### [What the task asks]
Return exactly the lines from the one containing "Obraz premium Abstract" through the end of the material below, and leave the images out.
=== Begin Enclosure ===
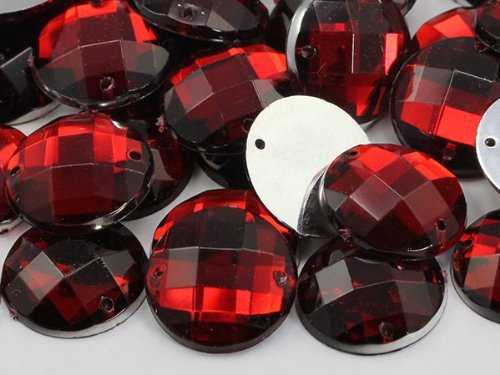 14mm Ruby CH17 Round Flat Back Sew On Beads for Crafts - 50 Pieces [Kitchen]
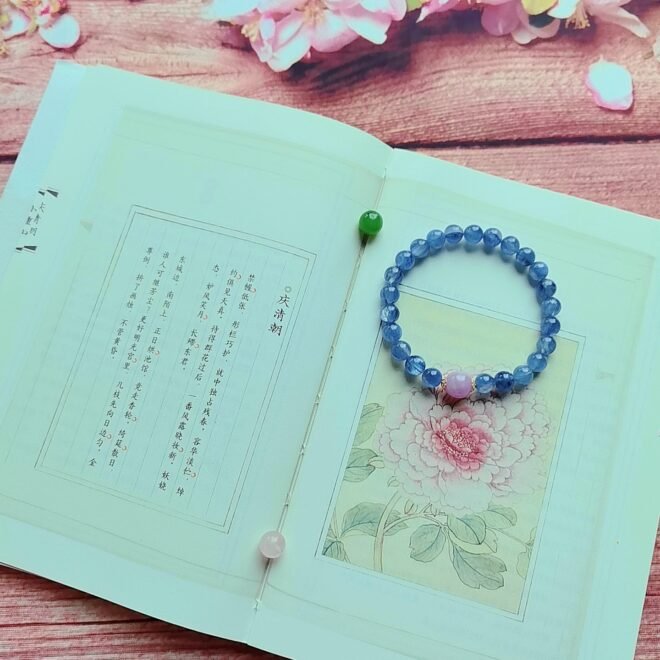 Kyanite with Kunzite & 18K Gold Bracelet - Clarity·Love·Elevate - Image 4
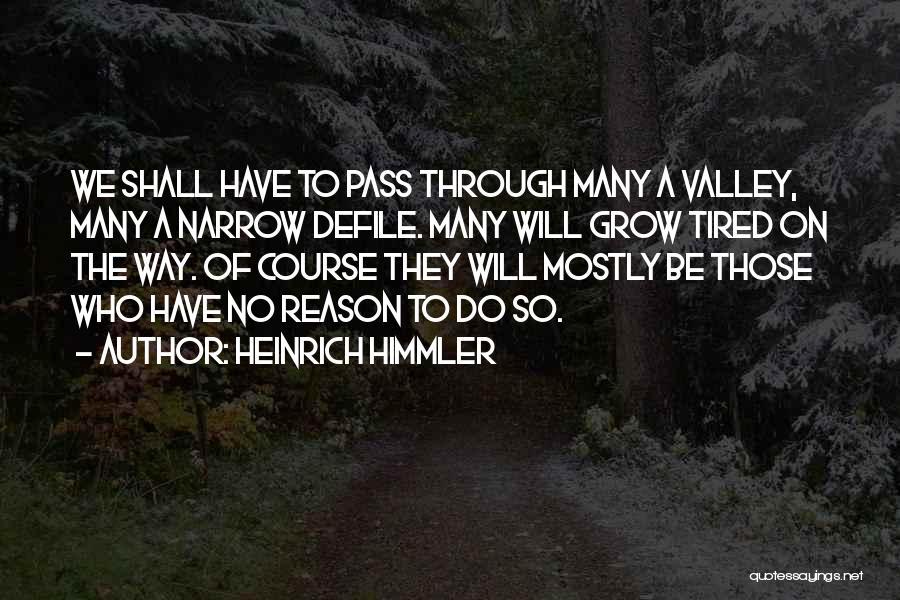 Heinrich Himmler Quotes: We Shall Have To Pass Through Many A Valley, Many A Narrow Defile. Many Will Grow Tired On The Way.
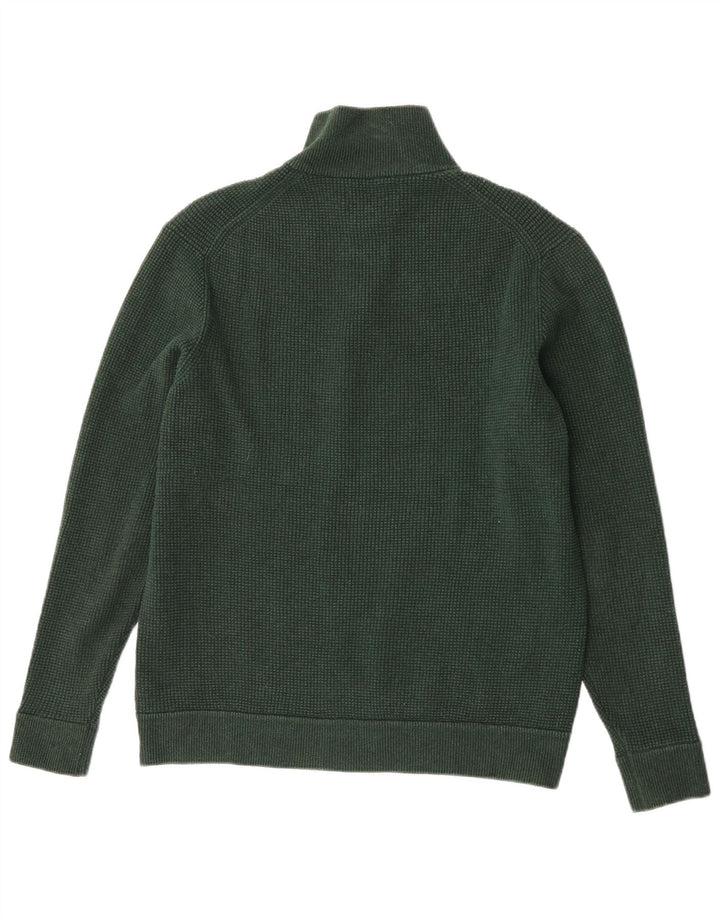 Marks & Spencer Herren-Pullover mit Reißverschluss am Hals, groß, grün, Polyester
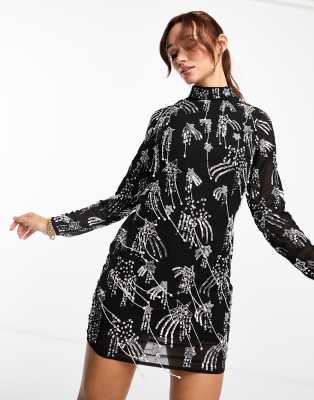 River Island long sleeve star embellished mini dress in black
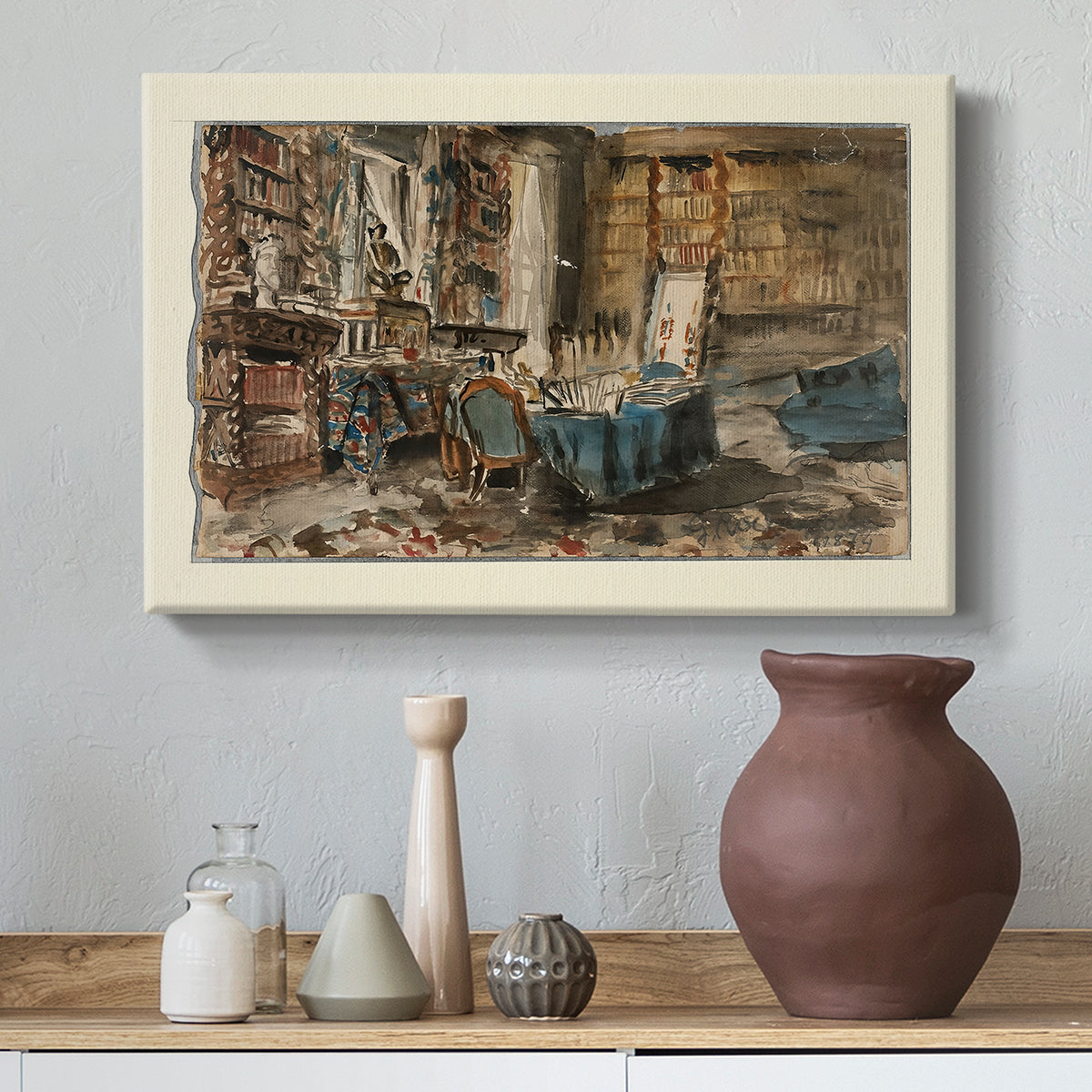 Canvas art print featuring a richly detailed room interior with literary atmosphere, styled above a decorative console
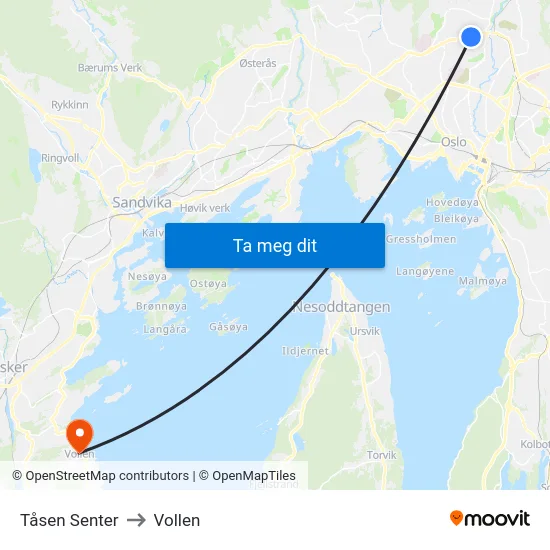 Tåsen Senter to Vollen map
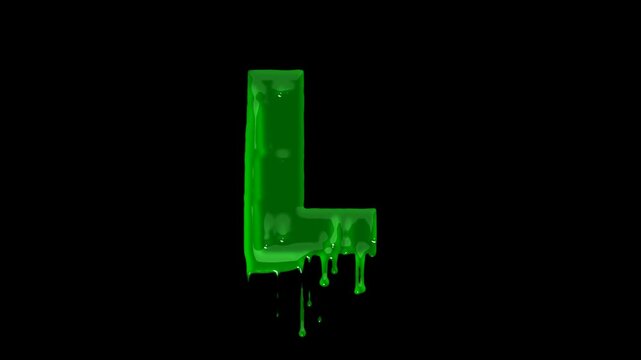 Green slime font. Halloween toxic waste letters, blot scary horror greens goo alphabet text sign and blots splash liquid slimes spooky letters, goo vector isolated symbols set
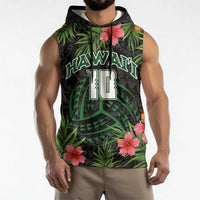 Custom Hawaii Volleyball Sleeveless Hoodie Kakau Abstract and Tropical Plants Black Color - Polynesian Pride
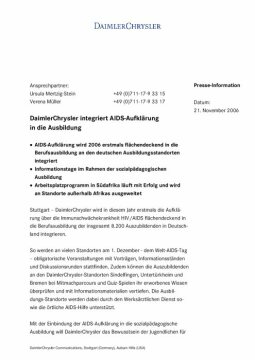 Presseinformationen 21. November 2006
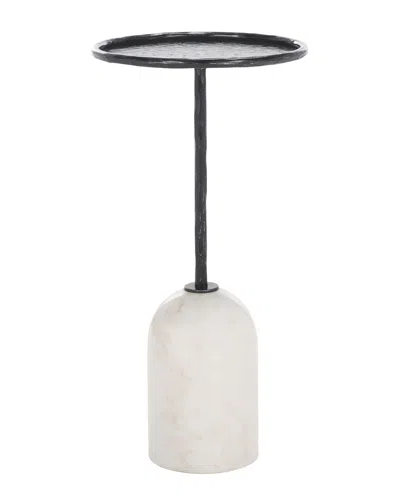 Safavieh Couture Tanyarose Metal & Marble Drink Table In Black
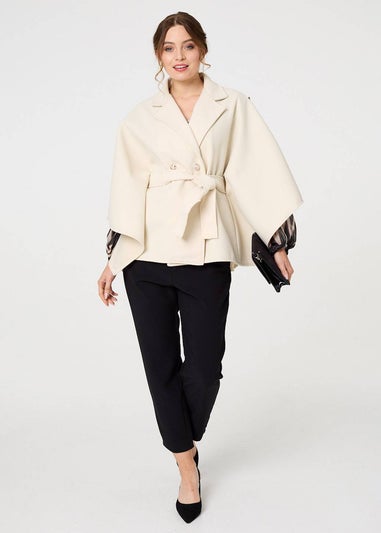 Izabel London White Cape Coat With Belt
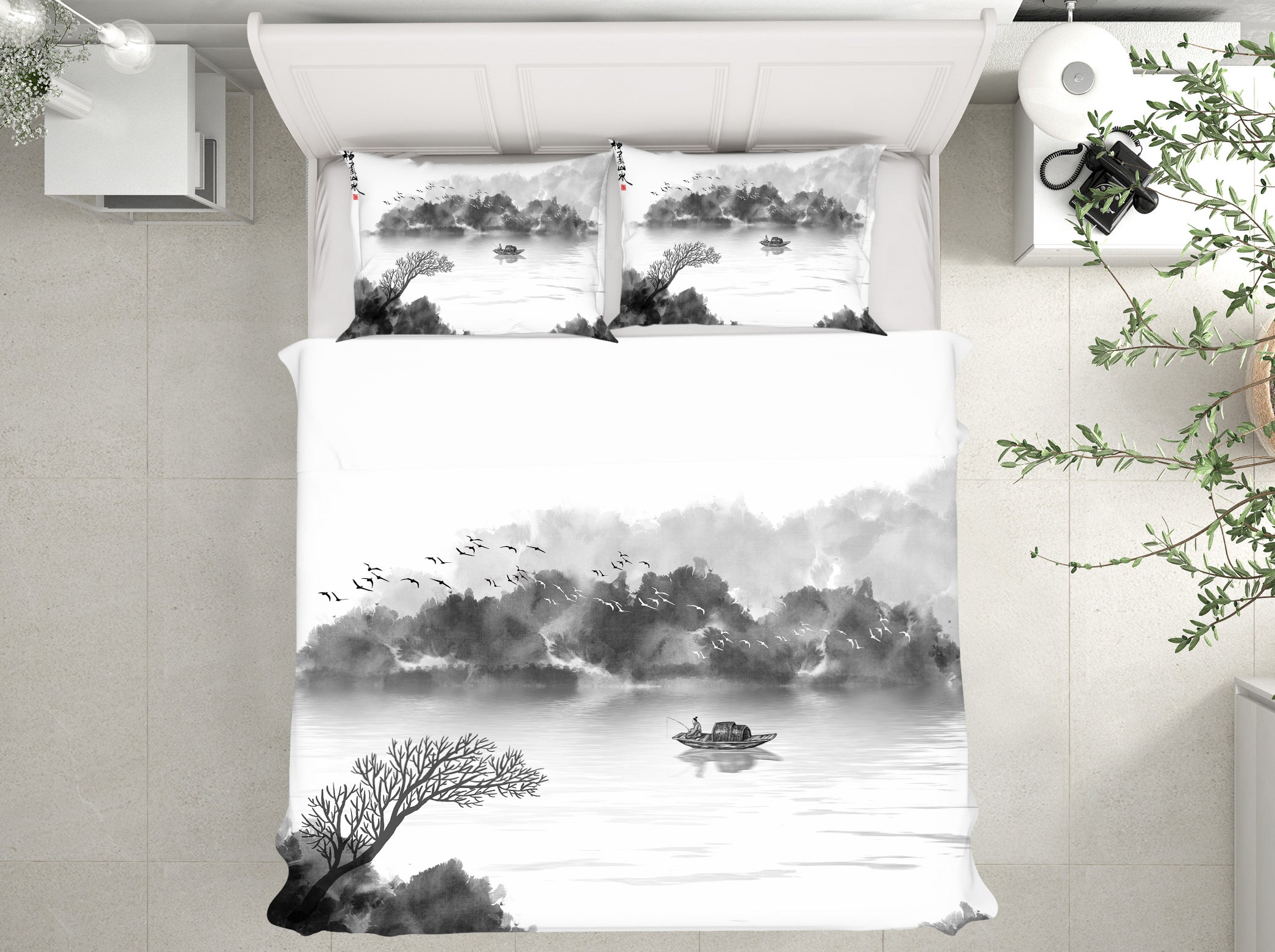 3D River Ferry 13082 Bed Pillowcases Quilt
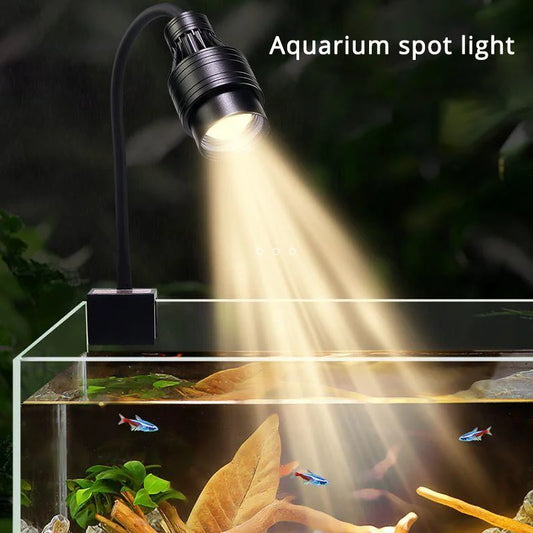 Aquarium Spotlight LED — Adjustable Focus Fish Tank & Reptile Plant Grow Lamp (7W/17W)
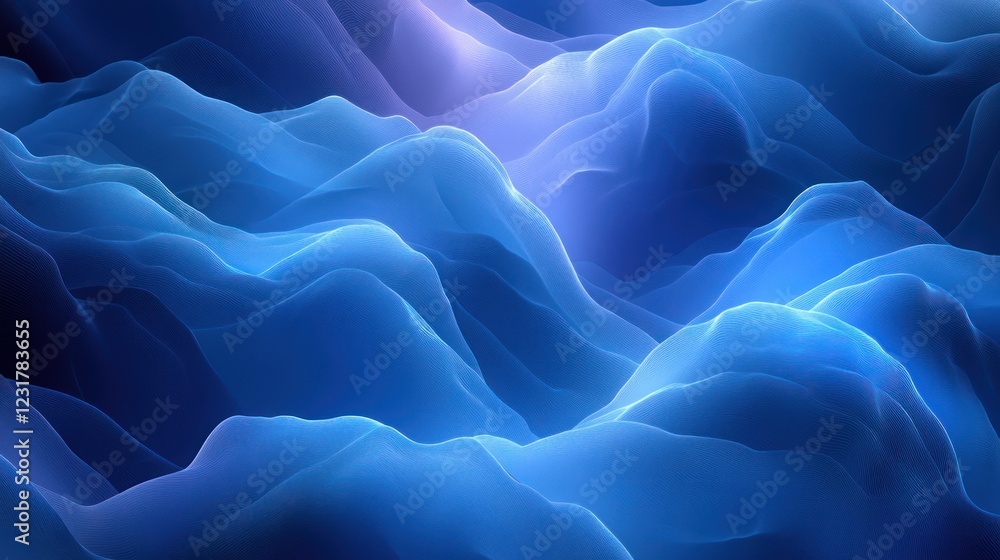 Obraz premium Abstract blue waves flowing, digital art background, website design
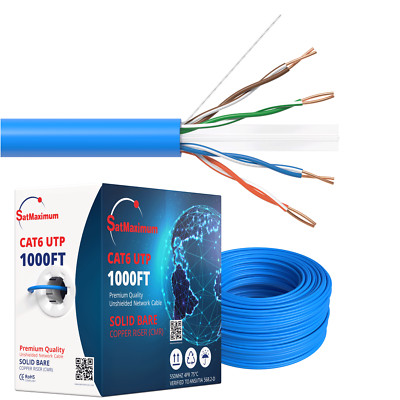 Cat6 1000ft cable UTP Solid Blue LAN Network CMR Riser Wire RJ45 Bulk 23 AWG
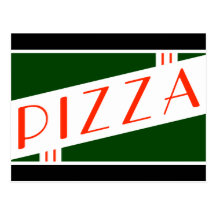 retro pizza post card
=== End Enclosure ===
### [Your response]
 Obraz premium Abstract blue waves flowing, digital art background, website design
 Cat6 1000ft cable UTP Solid Blue LAN Network CMR Riser Wire RJ45 Bulk 23 AWG
 retro pizza post card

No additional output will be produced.